Die
wahre Geschichte des Robert Kearns ist wie gemacht fürs Krisenjahr
2009, und das nicht wegen Kearns' zentraler Leistung - denn die
Erfindung des Interval-Scheibenwischers ist nicht gerade etwas,
was nach einer Verfilmung schreit - sondern wegen dem, was Kearns
in Folge seiner Erfindung widerfuhr. Der Professor für Ingenieurswesen
meldete Ende 1964 das Patent für den Interval-Scheibenwischer
an und versuchte im Anschluss, seine Kreation an die "Big Three"
der amerikanischen
Autoindustrie (General Motors, Ford und Chrysler) zu verkaufen.
Die lehnten alle ab, begannen 1969 aber dennoch, Kearns' Erfindung
in ihre Autos einzubauen. Der folgende Rechtsstreit wegen Patentverletzung
zog sich über zweieinhalb Jahrzehnte und hätte fast Kearns'
gesamte Existenz zerstört. Es ist eine klassische "David
gegen Goliath"-Geschichte, mit jenen großen, arroganten,
Gewinn-maximierenden Konzernen als Bösewichte, die heute aufgrund
ihrer Selbstherrlichkeit vor dem Bankrott stehen.

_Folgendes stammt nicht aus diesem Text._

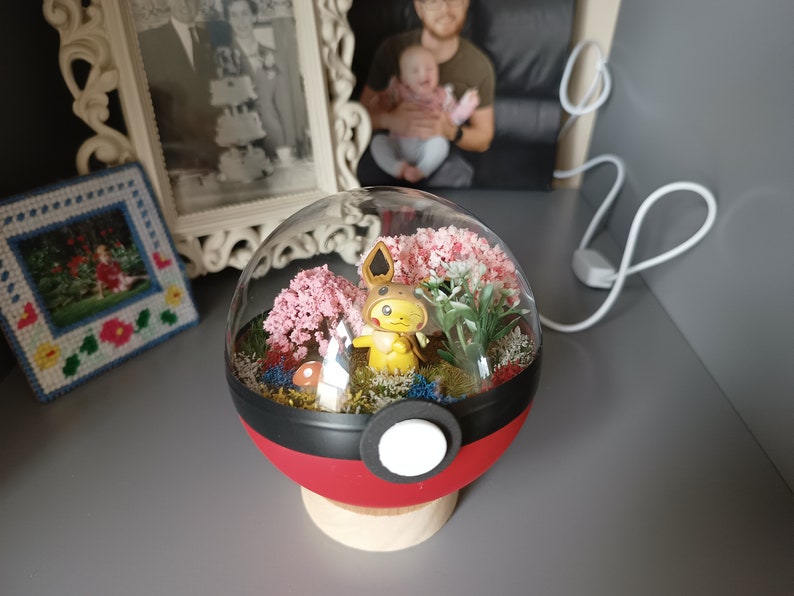 Pikachu, Glumanda, Bisasam oder Schiggy Handmade Pokémon Pokeball Terrarium. Pokemon, Pokeballs, geeky Geschenk. Pikachu - Eevee coat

Hätten die Macher von "Flash of Genius" absehen
können, dass die "Big Three" zur Jahreswende 2008/09
fast vollständig in sich zusammenfallen würden, sie hätten
die Akzente ihres Films vielleicht etwas anders gesetzt. Und vielleicht
hätten sich dann auch mehr Leute für den Film interessiert
als bei seinem US-Kinolauf im Oktober 2008, als er fast unter Ausschluss
der Öffentlichkeit lief und schon nach drei Wochen wieder von
den Leinwänden verschwand. Auch wenn "Flash of Genius"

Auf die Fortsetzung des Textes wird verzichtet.